All Products
Search
Document Center

Elastic Compute Service:High CPU utilization drill

Last Updated:Feb 14, 2026

CPU utilization is a key indicator of business system health. To ensure stability, CPU utilization must remain within a reasonable range. Excessively high CPU utilization can cause service latency or even outages. You can inject high CPU utilization faults into an ECS instance to test how the business system responds to specific CPU loads, evaluate system recovery capabilities, and verify the effectiveness of monitoring and alert mechanisms. Based on the drill results, you can develop response strategies. This ensures that the system resumes normal operation quickly when high CPU utilization occurs in the production environment, reducing the risk of business interruption.

How it works

This solution uses the Cloud Assistant plugin ecs-fault-highcpu. The plugin starts the AliFaultHighCpu process to consume CPU time slices at a specified duty cycle.

Instructions

Prerequisites

Inject a fault

  1. As a user with sudo access privileges, run the ecs-fault-highcpu Cloud Assistant plugin.

    sudo acs-plugin-manager --exec --plugin ecs-fault-highcpu --params inject,[cpu-percent=paramA],[cpu-list=paramB]

    The parameters in [] are optional.

    • cpu-percent (optional): The target CPU utilization percentage. If not specified, the default value is 100.

      Note

      The cpu-percent value represents the CPU utilization of the injection process. The instance's total CPU utilization also includes the load from other running processes.

    • cpu-list (optional): The specific vCPU cores to target. For example, cpu-list=0-2/4 applies the load to vCPU cores 0, 1, 2, and 4. If not specified, the load is applied to all vCPU cores.

  2. Verify that the fault injection was successful.

    • On the ECS instance, run the top command. A successful injection increases CPU utilization.
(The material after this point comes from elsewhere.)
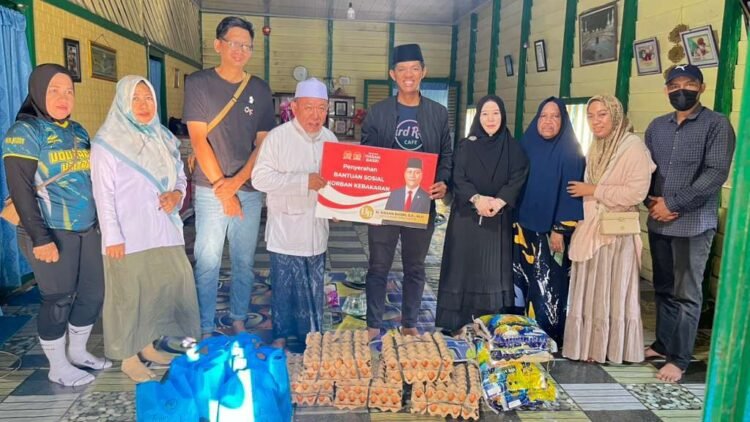 Hasan Basri Serahkan Bantuan untuk 5 KK Korban Kebakaran di Sebengkok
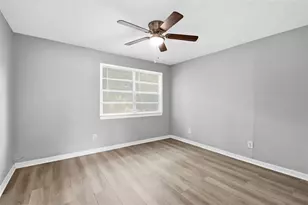 1743 30th St S, Saint Petersburg, FL 33712 - Photo 32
The sum of CPU time spent in kernel mode (sy) and user mode (us) should approximate the specified cpu-percent value.

      image

    • In the CloudMonitor CPU utilization chart, verify that CPU utilization increases after the fault is injected.

      image

Recover from the fault

Use one of the following methods to recover the ECS instance.

  • Method 1 (Recommended): Run the fault recovery command on the ECS instance and verify that CPU utilization drops to its pre-injection level.

    sudo acs-plugin-manager --exec --plugin ecs-fault-highcpu --params recover

    As shown in the figure below, CPU utilization has dropped to its pre-injection level, indicating that the system has returned to a Normal state.

    image

  • Method 2: Terminate the process named AliFaultHighCpu.

    To prevent issues with subsequent fault injections, run the recovery command from Method 1 after you terminate the AliFaultHighCpu process.

    sudo kill <AliFaultHighCpu PID>